【BOOK】『舟を編む』三浦しをん:著 言葉によって救われる旅
人類が言葉(言語)を使い始めたのは、約10万年から8万年前くらいだとされている。
それぞれの地域でそれぞれのコミュニティを形成するにあたっては、言葉がなければ実現しえなかっただろう。
その言葉を、言葉の意味を、語釈を、簡潔に明快にまとめることは、この世界を生き抜いていくために必要な道具を作ることと同義である。

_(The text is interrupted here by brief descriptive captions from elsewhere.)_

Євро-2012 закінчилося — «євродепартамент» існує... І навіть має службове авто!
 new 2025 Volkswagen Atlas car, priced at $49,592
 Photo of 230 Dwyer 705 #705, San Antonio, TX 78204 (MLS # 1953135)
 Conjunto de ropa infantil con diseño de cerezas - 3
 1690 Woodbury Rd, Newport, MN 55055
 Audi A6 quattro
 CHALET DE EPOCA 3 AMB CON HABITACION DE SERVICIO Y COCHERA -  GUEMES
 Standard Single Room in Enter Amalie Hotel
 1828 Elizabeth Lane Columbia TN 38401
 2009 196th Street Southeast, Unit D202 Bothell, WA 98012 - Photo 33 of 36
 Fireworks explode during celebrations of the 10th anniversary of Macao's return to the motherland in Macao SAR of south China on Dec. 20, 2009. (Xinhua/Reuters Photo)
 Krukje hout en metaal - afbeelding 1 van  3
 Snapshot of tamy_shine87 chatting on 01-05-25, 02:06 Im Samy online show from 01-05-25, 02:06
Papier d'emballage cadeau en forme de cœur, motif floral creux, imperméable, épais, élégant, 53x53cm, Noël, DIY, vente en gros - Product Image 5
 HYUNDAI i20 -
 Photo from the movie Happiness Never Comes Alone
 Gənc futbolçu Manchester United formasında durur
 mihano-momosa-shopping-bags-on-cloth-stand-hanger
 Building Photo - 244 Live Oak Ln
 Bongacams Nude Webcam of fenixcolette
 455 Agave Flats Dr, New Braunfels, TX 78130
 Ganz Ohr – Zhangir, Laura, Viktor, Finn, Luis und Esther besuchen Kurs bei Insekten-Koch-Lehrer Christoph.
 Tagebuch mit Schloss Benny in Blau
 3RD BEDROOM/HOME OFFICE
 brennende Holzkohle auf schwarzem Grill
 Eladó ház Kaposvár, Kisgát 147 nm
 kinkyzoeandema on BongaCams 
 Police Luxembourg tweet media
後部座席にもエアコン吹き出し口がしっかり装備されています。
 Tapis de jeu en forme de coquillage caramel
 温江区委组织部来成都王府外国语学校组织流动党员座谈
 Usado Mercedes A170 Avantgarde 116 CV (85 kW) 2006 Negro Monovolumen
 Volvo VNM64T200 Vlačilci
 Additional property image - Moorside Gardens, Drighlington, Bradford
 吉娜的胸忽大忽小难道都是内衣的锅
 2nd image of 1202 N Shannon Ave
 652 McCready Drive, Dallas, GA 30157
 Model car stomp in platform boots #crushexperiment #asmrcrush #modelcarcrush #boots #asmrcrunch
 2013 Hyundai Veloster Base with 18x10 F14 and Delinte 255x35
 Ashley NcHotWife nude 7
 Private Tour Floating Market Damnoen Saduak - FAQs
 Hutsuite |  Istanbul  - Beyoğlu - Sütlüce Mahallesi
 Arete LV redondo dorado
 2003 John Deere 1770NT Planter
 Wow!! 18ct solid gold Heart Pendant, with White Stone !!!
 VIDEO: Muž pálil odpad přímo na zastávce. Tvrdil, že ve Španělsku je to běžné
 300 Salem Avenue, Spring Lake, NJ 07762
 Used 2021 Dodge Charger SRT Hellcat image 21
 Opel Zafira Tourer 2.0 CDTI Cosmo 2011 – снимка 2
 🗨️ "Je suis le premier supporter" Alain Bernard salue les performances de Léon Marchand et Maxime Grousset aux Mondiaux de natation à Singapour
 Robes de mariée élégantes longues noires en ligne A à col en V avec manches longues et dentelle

本作は、辞書編纂という仕事を通して、自身の人生や価値観を揺さぶられながらも、読者をも含めた「不器用に一生懸命に生きていく者たち」への讃歌である。
誰かに何かを伝えるために、言葉は生まれた
人類の言葉の起源はいまだにわかっていない事が多い。
というよりはっきりと解明できるとは思えない。
だが、諸説ある中で、歌のような感情表現が進化して言語が生まれたという説がある。
「言葉」はどのようにして生まれたのか | 時事オピニオン | 情報・知識&オピニオン imidas - イミダス
例えば小さな鳥などは鳴き声で求愛の意思を示す。
音の組み合わせを変えることで、独自性を発揮し、異性に気に入ってもらう。
こうした「音の組み合わせができる」というのが特徴のひとつ。
もうひとつの特徴として「新しい音が学べる」という点が重要なようだ。
異性への求愛という目的に対して競争論理が働き、歌声はより複雑になる、つまり進化していったと考えられる。
こういった考え方を「言語の歌起源説」というらしい。
一般的には、人間の赤ちゃんのように、意味のない発話から始まり、単語が増え、単語の組み合わせで表現の幅を広げていくという「単語起源説」が学会などでも多勢を占めているようだ。
いずれにしても、人はとなりの誰かに何かを伝えたくて、言葉を獲得していったということだ。
多くの言葉を獲得した人類は、それぞれのコミュニティの中で独自に言語をアップデートしていく。
やがて違うコミュニティとのやりとりも発生する。
そうした時、言葉の種類や意味を網羅した辞書が必要になる。
言葉は人間が人間らしく生きていくために必要不可欠な、空気や水と同じような存在なのかもしれない。
辞書という舟
舞台は玄武書房という出版社の辞書編集室。
近代的で立派な本館の隣に建つ別館(映画では旧館)にある。
日本語研究に生涯を捧げた老学者・松本先生、辞書編纂数十年のベテラン社員・荒木、仕事はできるが愛想がない契約社員・佐々木さん、およそ辞書など使ったことがなさそうなチャラい若手社員・西岡など、個性的な面々が揃う。
玄武書房では新たな辞書を企画していた。
その名を『大渡海』(だいとかい)という。
新しい辞書をいちから立ち上げるとなると、かなりの年数を要するらしい。
10年や20年かかるのが普通という世界だ。
時間がかかるので編集している間にどんどん時間が過ぎ、新しい言葉が生まれ流通していく。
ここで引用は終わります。